Within the data below, state how many lines contain the string "Gallery". Provide the number only.

- [Data supplied]:
* * *
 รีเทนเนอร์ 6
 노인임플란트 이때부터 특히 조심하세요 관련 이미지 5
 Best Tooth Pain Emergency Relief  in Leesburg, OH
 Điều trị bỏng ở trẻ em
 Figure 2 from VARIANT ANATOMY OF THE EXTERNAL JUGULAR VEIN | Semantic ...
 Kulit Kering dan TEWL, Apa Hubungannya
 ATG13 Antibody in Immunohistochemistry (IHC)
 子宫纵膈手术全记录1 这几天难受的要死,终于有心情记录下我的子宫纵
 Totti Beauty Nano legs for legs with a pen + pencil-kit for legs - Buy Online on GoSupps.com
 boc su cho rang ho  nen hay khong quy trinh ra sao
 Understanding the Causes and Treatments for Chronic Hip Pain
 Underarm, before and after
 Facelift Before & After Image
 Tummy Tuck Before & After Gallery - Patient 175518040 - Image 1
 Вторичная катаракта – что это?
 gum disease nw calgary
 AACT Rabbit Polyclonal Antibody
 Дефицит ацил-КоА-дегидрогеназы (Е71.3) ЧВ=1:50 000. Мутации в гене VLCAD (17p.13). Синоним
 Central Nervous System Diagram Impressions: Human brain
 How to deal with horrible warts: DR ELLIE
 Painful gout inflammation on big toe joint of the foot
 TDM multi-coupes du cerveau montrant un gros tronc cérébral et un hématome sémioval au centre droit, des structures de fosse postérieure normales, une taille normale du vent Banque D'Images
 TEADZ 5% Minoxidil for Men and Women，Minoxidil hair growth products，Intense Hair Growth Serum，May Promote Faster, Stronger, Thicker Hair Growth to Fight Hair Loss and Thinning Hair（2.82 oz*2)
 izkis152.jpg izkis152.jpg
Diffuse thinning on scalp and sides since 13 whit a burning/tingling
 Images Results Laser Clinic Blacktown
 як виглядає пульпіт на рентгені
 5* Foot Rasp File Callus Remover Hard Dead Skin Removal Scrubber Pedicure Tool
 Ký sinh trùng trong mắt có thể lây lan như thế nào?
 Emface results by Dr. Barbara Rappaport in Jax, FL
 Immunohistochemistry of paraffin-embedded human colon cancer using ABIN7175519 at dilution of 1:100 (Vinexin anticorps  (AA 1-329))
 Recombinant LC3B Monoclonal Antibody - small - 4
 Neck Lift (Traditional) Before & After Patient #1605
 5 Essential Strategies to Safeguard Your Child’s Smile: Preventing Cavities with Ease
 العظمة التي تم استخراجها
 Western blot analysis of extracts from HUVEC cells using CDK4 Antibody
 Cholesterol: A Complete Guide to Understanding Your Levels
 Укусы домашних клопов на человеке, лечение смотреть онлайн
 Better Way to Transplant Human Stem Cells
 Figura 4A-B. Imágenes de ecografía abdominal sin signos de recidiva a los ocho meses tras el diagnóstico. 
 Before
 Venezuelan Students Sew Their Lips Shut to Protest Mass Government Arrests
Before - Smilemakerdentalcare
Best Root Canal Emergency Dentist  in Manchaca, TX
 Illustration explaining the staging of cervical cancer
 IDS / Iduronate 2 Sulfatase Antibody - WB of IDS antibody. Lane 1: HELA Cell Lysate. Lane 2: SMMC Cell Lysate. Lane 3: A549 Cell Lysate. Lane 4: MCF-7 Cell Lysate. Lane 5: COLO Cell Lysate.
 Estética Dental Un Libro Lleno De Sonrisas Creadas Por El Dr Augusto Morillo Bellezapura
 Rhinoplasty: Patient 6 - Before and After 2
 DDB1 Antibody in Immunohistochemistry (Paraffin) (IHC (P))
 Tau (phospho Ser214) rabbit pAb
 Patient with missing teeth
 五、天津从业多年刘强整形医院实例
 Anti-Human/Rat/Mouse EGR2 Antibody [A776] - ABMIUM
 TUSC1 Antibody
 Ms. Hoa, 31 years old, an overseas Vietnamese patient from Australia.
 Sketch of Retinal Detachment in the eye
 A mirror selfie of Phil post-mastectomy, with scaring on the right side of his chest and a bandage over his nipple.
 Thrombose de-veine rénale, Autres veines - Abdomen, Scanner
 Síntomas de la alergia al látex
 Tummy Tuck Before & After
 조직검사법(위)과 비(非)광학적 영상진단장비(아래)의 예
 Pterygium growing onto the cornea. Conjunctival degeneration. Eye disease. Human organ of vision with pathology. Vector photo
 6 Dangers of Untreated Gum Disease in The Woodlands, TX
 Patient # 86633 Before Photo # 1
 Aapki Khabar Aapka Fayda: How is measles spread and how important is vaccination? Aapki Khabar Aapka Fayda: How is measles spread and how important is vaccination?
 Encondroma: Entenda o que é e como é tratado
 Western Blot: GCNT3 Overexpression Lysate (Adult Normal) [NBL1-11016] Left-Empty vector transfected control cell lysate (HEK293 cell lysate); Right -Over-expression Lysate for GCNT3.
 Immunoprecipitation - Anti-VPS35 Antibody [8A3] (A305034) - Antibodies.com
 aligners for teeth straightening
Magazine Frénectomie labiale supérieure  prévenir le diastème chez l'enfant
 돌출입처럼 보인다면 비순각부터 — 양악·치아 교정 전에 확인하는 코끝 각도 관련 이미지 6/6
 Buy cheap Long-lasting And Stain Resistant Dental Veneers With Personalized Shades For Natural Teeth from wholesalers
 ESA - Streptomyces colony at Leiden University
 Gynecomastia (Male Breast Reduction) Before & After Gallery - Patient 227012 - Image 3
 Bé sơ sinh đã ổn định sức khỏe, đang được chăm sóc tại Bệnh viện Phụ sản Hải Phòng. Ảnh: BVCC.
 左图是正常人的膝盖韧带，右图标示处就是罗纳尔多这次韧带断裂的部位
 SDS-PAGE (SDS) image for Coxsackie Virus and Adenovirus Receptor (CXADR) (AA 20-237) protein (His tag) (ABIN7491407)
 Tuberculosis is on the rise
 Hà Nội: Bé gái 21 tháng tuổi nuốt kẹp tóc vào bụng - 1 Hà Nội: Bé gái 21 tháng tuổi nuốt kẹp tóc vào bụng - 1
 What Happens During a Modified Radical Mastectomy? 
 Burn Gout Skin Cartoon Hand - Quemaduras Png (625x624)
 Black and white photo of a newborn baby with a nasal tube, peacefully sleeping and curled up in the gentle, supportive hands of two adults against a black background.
* * *
- [Response to this exercise]:
2